He can't draw. Also, although he definitely has a pronounced sense of aesthetics, it's not a aesthetic most people would consider tasteful. Cory Doctorow, from his very youth, has always had a "craphound" aesthetic. As an aesthete, Cory is the kind of guy who would collect rain-drenched punk-band flyers that had fallen off telephone poles and store them inside a 1950s cardboard kid-cereal box. I am not scolding him for this. He's always been like that.
As Wells used to say about his unique "picshuas," they seemed like eccentric scribblings, but over the years, when massed-up as an oeuvre, they formed a comic burlesque of an actual life. Similarly, one isolated Doctorow collage can seem rather what-the-hell. It's trying to be "canny." If you get it, you get it. If you don't get the first one, then you can page through all of these, and at the end you will probably get it. En masse, it forms the comic burlesque of a digital left-wing cyberspatial world-of-hell. A monster-teeming Silicon Uncanny Valley of extensively raked muck.

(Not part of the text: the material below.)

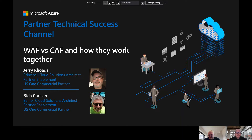Thank you, Jerry. I've read both of these frameworks, both WAF and CAF, and I need to ask you: how does the well-architected framework and the cloud adoption framework work together in concert? Great question. Let's dive in and talk about what the frameworks are and how they play in concert together.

There are a lot of web-comix people who like to make comic fun of the Internet, and to mock "the Industry." However, there's no other social and analytical record quite like this one. It has something of the dark affect of the hundred-year-old satirical Dada collages of Georg Schultz or Hannah Hoch. Those Dada collages look dank and horrible because they're "Dada" and pulling a stunt. These images look dank and horrible because they're analytical, revelatory and make sense.
If you do not enjoy contemporary electronic politics, and instead you have somehow obtained an art degree, I might still be able to help you with my learned and well-meaning intro here. I can recommend a swell art-critical book titled "Memesthetics" by Valentina Tanni. I happen to know Dr. Tanni personally, and her book is the cat's pyjamas when it comes to semi-digital, semi-collage, appropriated, Situationiste-detournement, net.art "meme aesthetics." I promise that I could robotically mimic her, and write uncannily like her, if I somehow had to do that. I could even firmly link the graphic works of Cory Doctorow to the digital avant-garde and/or digital folk-art traditions that Valentina Tanni is eruditely and humanely discussing. Like with a lot of robots, the hard part would be getting me to stop.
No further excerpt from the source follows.